浦和実vs上尾
徹底の差
早川、鈴木(琢)の左右2枚看板など昨夏のレギュラーメンバーを多く残す浦和実対2年生の多い上尾との一戦、最後はより徹底の出来ている選手の経験の差が物をいう展開となった。
浦和実・早川が怪我で調整が遅れたことから、先発は安定感のある鈴木琢、上尾はエース菊池が先発する。
浦和実は1回、菊池の立ち上がりを攻め、1番長島(3年)がセンターオーバーの三塁打で出塁すると、2番山口(3年)もセンター前タイムリーで続く。一死後、4番本田(3年)にも三塁線へのタイムリー二塁打が飛び出し、浦和実が2点を先制する。
2回に両チーム1点ずつ奪い合い、迎えた3回。大きくゲームが動く。3回表、この回先頭の9番清水が相手エラーで出塁。ここで上尾・高野監督は、すかさず1番大南の所でバスターの指示を出す。これが見事に決まり、三塁線を抜くヒットとなる。続く大平は送り、上尾は一死二、三塁とチャンスを広げ、今大会も当たっている好打者3番小山を迎える。
浦和実の内野陣は2点リードし、ゲームの序盤だったが、前進守備をとる。この場面で、小山は期待に応え、前進守備のセカンド横を抜けるライト前タイムリーを放つと、4番遠藤もライト前タイムリーで続く。上尾はさらに続く五十嵐のスクイズで4対3と逆転する。
「小山はチャンスでは歩かせると試合前に決めていたのに。あの場面バッテリーに任せてしまったのは僕のミス。(前進守備は)高野監督相手に接戦は嫌だったので、1点も与えたくなかった」と、浦和実・辻川部長もこの場面を振り返るが、その裏、浦和実がすぐに反撃を開始する。
二死一塁から5番岡部のセンターフライをセンター大南が目測を誤り頭を越される。これがタイムリー三塁打となり同点とすると、続く宮口が二死三塁からセーフティーバントを決め1点を勝ち越す。

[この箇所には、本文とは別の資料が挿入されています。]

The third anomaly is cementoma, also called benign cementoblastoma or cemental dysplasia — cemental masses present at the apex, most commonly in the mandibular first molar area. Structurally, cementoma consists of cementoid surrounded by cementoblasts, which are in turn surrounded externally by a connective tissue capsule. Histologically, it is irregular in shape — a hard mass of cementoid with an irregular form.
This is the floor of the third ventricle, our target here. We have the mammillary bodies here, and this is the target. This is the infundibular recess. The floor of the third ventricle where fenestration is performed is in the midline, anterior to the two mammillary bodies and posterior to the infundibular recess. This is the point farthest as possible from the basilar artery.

さらに二死一塁からバントの構えの小兵8番城戸がインコースのストレートを叩くと打球はライトスタンドへ飛び込む2ラン本塁打となる。この城戸の練習試合を含めての初本塁打で7対4と一気に引き離した。
「インコースに投げれば大怪我はしないと思ったが」と菊池はまさかの表情をみせたが、彼ににとっても上尾にとっても大きな一球となった。
試合は序盤の点の取り合いからうって変わり、4回から代わった上尾・五十嵐、浦和実・早川の投げ合いで進む。

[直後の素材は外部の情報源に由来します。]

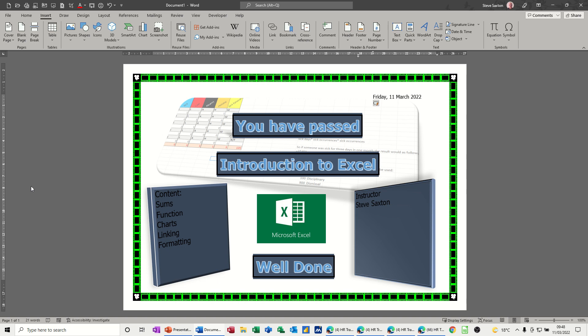Hi guys, welcome to this session in Microsoft Word. In this module I want to show you how you can use Word to create a certificate and many other types of documents such as flyers or birthday cards and things like that.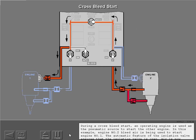During a cross bleed start, an operating engine is used as the pneumatic source to start the other engine. In this example, engine number two bleed air is being used to start engine number one. The automatic feature of the isolation valve ensures the isolation valve is open, and air is available to the engine number one starter. Note that the APU bleed switch is off during a cross bleed start.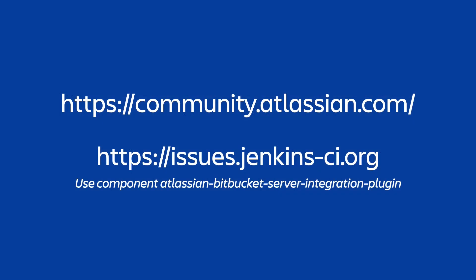Okay, that's it. Thanks for watching. We'd love to hear what you think about the Jenkins integration, so get in touch with us with comments and feedback at community.atlassian.com or issues.jenkinsci.org. Thank you again, and happy building.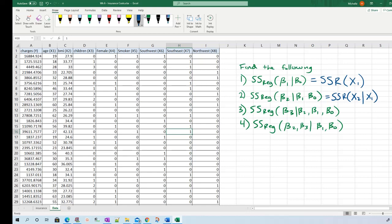I prefer the beta notation because that's really what we're doing — adding in model parameters. Also, the X notation isn't clear because it doesn't tell you whether or not we have an intercept, as I discussed in the previous video. To be super clear: SS regression of beta 2, beta 3 given beta 1 is the same as SS regression X2, X3 given X1 — all exactly the same notation. So let's start with number one: find SS regression of beta 1 given beta 0, which is just SS regression for X1.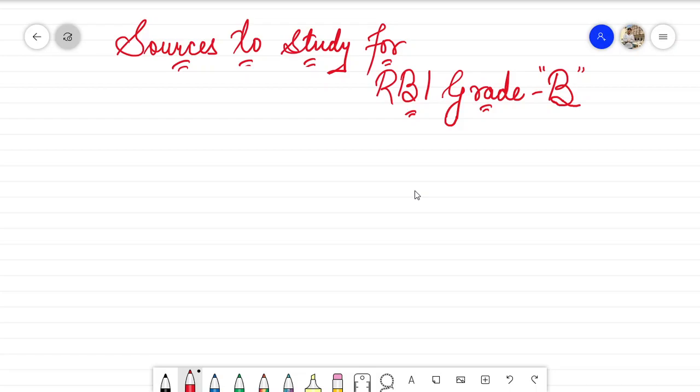Hello guys, I welcome you all to my YouTube channel Hope RBI. In this particular lecture, I'm going to talk about some of the sources that I'm going to use for the preparation of RBI Grade B examination for the year 2022.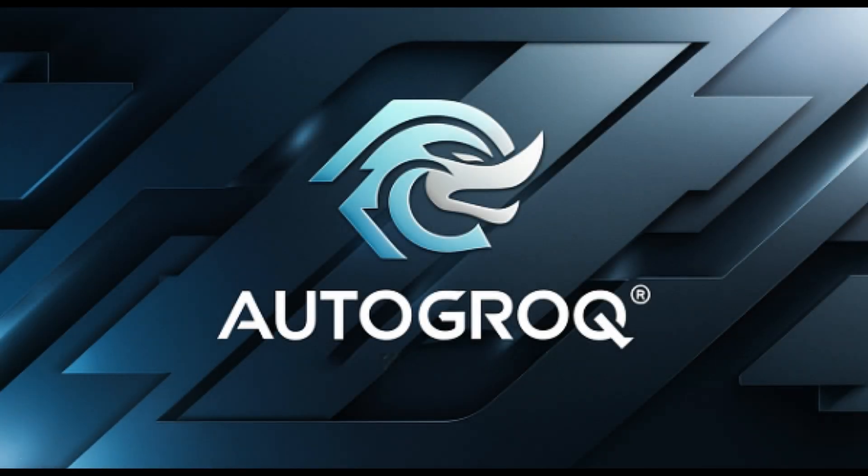This is Autogrok, beta version 4.0. It's great that so many of you are using our live demo, but you're using up all my Grok developer credits.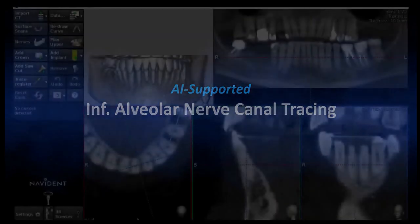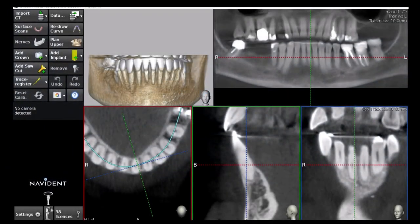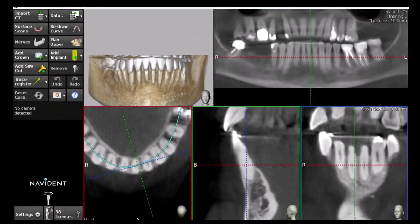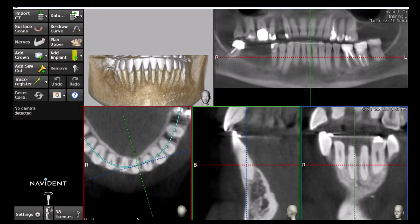Upon importation of a mandibular CBCT, the inferior alveolar nerve canal is automatically detected and segmented. During this process, the nerve button in the side panel is grayed out and inactive. Once the process is completed, the button becomes highlighted — click it to review the result.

上尾打線は早川を打ち崩せず、その後、6回表2番大平のサードへのタイムリー内野安打で1点を返すに留まり、浦和実が7対5で上尾に勝利した。
上尾はあらかじめ早川対策として、打撃投手に左投手を並べイメージを作ってきたが対応仕切れなかった。
試合後、高野監督は、
「もう少し喰らいつきたかった。頂点へ立つためにはまだ力が足りない。守備が重要という所は変わらないが、打撃面でもワンランク上へ上げないと」
とリベンジを誓った。守備面ではある程度計算ができるようになったが、課題は攻撃面にある。
それは、強打の打線に作り変えるというわけではなく、高野監督が常々伝えているように、見極めるボールをきっちり見極めることや、簡単に三振しないようにボールに喰らいついていくことだ。
今チームは、2年生のメンバーが多いチームだけに、打の中心・小山や投の中心・五十嵐、そして守備は山口、清水の二遊間などを中心にもう一度鍛え直していきたいところ。
一方の浦和実だが、相手の地元・[stadium]上尾市民球場[/stadium]ということもあり、4回以降はやや守勢に回ったが、それでも乗り切ってしまうあたりはさすがだった。昨夏のメンバーが多く、経験値の高さをみせるゲームとなった。
「調子は悪くなかった」
と言う上尾の先発菊池に対し、浦和実打線は、ホームベースの近くに立ち、インコースの変化球は捨て、外の球を狙うことを徹底し菊池を攻略した。また、早川は万全ではなかったが、
「うちの選手達は修羅場をくぐっているんで。次の春日部共栄戦は楽しみです」
と辻川部長は不敵な笑みを浮かべた。春日部共栄戦でもこの“徹底”ができている浦和実はやってくれそうだ。